Supreme Court, following some tortious trail.”
The question at hand was whether a so-called "inventory" search was a valid exception to the 4th Amendment's prohibition of unreasonable search and seizure. Art. 1, Sec. 8 of the Iowa Constitution contains the same wording as the 4th Amendment.
Bion Ingram was driving to work one morning when he was pulled over for a defective license plate lamp (one of those little lovelies that a motorist can never disprove). The officer then determined that the registration affixed to Mr. Ingram's car didn't quite match the car itself. The officer told Mr. Ingram he was going to have to impound the car but he offered to give him a ride to the nearest gas station so a friend could take him to work.

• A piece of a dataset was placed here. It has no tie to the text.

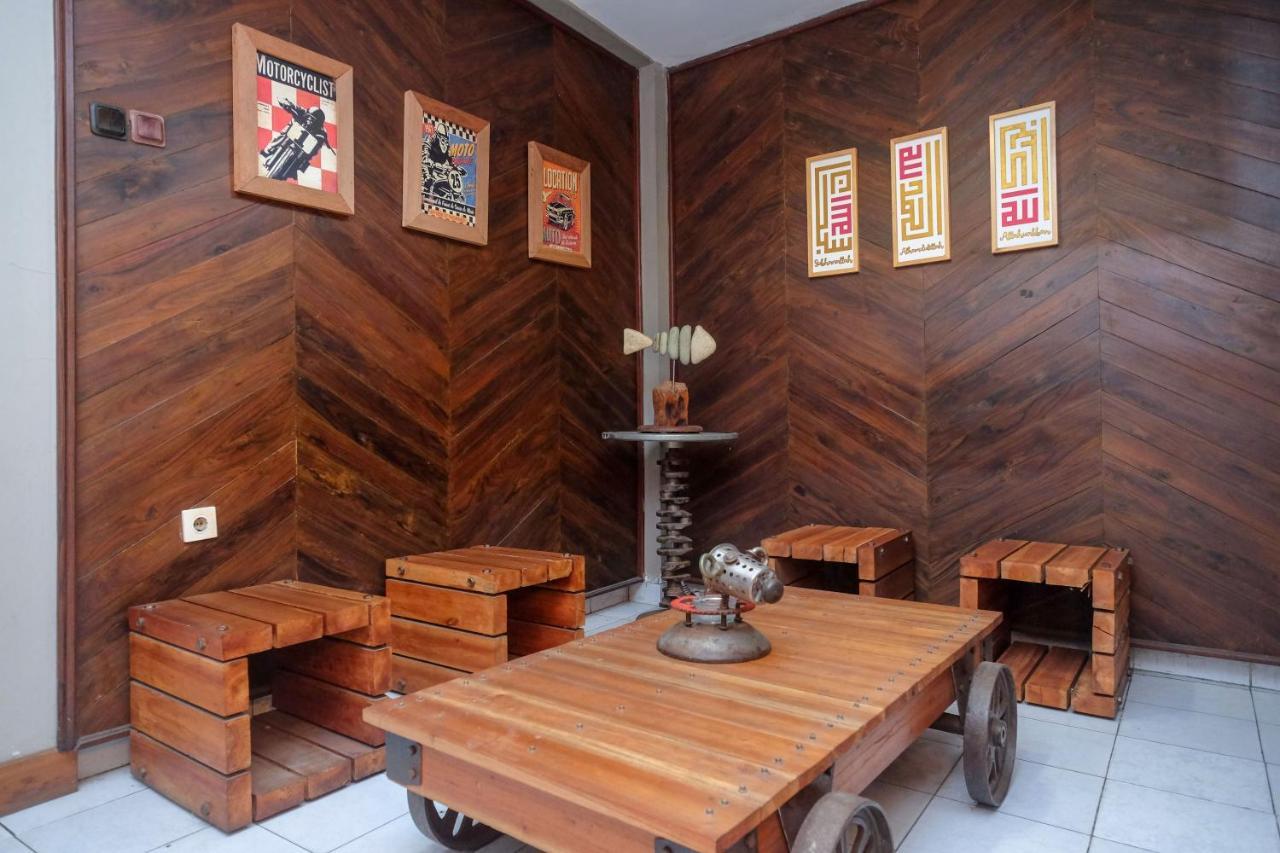 Urbanview Hotel Syariah Wisnugraha By Reddoorz Yogyakarta Kültér fotó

Then the officer asked if Mr. Ingram has anything of value in the car. He said no. The police then told him they were going to do an inventory search of the car before they towed it. And wouldn't you know it, they found a bag with a glass pipe and a gram of meth. Mr. Ingram was arrested. He challenged the search on the grounds there was no probable cause to search and that there was no warrant.
The trial court said who cares? He was convicted of possession of a controlled substance and filed an appeal.
The court decided that it wasn't going to allow the whims of the US Supreme Court to determine just what an unreasonable search was in Iowa. In its ruling the court held that the Supreme Court's determination of what was reasonable under the 4th Amendment wasn't the law of the land -- just the minimum guaranteed right.
The opinion offers a fairly comprehensive history of automobile exceptions to the 4th Amendment.
The opinion also offers advise to trial attorneys -- when making an objection based on federal constitutional law, make damn sure you make the same objection on state constitutional (or statutory) grounds when available. Failing to do so could open you up for a claim of ineffective assistance.